The scheduler tries to fulfill many constraints, for example, balance the load on the different CPU cores and caches. If you have 2 cores with hyperthreading, it is better to use just one thread of each core. But if you do so for a long time, that core will heat up more than the other, and so it will exit its “turbo boost” mode to not overheat. So it is a good idea to migrate to another core after a while, until the first one cools down.
So, if you hit a case like this, the threads will be moved from one core to another periodically.

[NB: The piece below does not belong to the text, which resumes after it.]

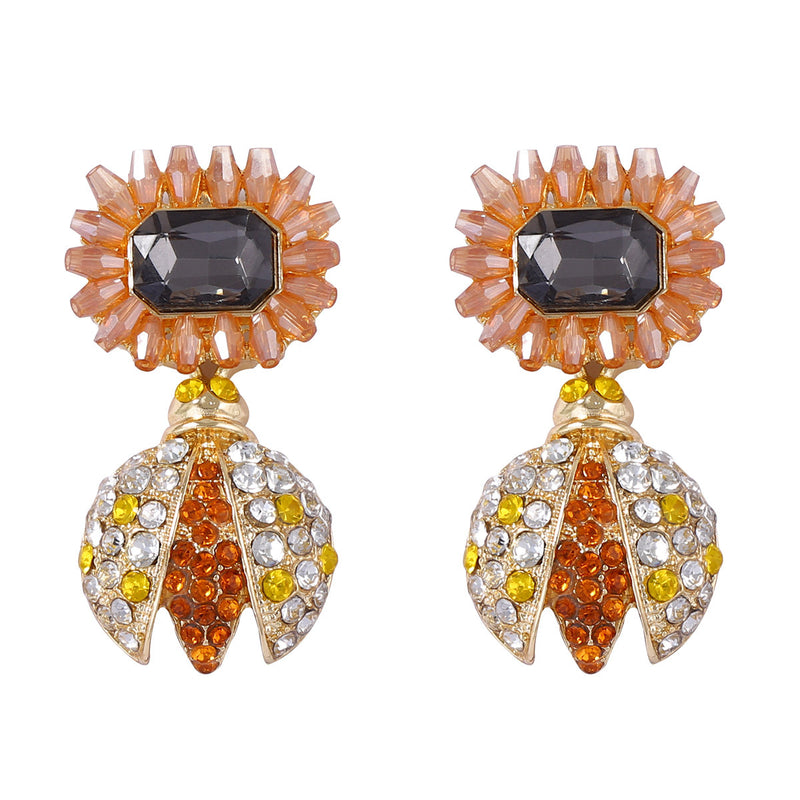 Elegant Piece for Every Occasion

There are also other things to take into account, for example, when a thread does a disk access, it is put on wait until the reply from the disk is received, and when it becomes ready again, it may be put on another idle CPU. Maybe there is now another task (even one with little CPU use) running on the CPU where it was initially. And it does not cost anything to put it on another idle CPU at that point.

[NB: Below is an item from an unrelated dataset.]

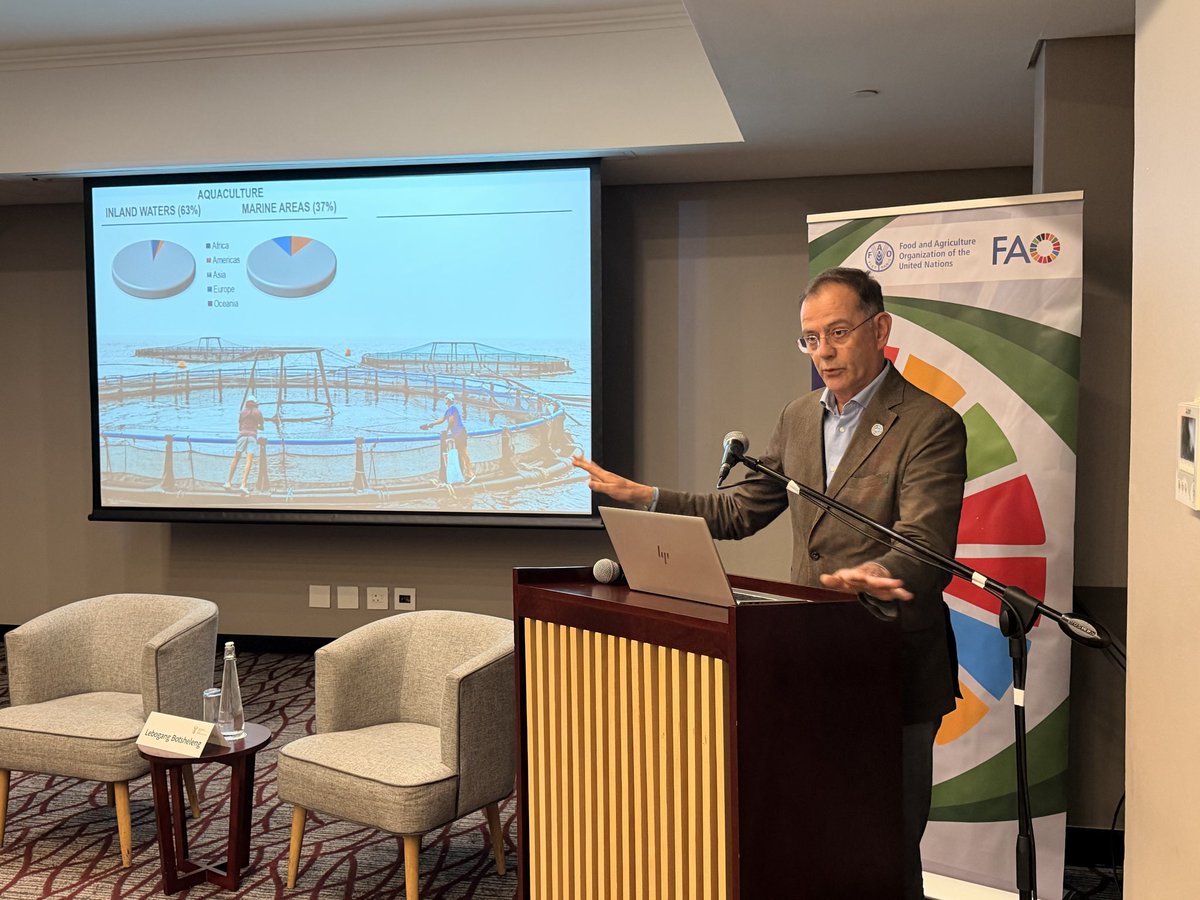 FAOSouthAfrica tweet media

So, there is nothing in these graph that allows to say the scheduling is sub-optimal. If you really only had 2 or 3 threads to run, and 4 CPU cores, then, yes, this would be strange. But there are at least a few dozens other things running in the background, that introduce “noise” to the system and make it hard to predict what the best solution is. And you wouldn’t see it just from the global CPU activity graph.
Is it optimal? Probably not. But to answer this you have to define what “optimal” is. First, what do you want to achieve? Lowest possible latency for the user? If so, the mouse movements and all things related to “display” will have to be run first. Or do you want your lame process to run as fast as possible even if the GUI is completely frozen during that time? That’s also possible, you can set your processes with a very high priority. Or maybe, try to keep one CPU core idle as much as possible when it’s not really needed? You can also do that, by switching the scheduler to it’s “power saving” mode (available in ProcessController menu). And, also, the scheduler has to make decisions very fast. If it spent 2 seconds computing the perfect solution everytime it needs to select what thread to run on what CPU, it would not be optimal anymore, even if the solution would be the theoretical perfect one. The scheduler is an O(1) algorithm, meaning it does not scan all available CPU cores and all available threads when it wants to decide what to run next. And so, sometimes it has to take a shortcut and pick the “good enough” solution that can be done very quickly, rather than the perfect solution that would take too long to compute.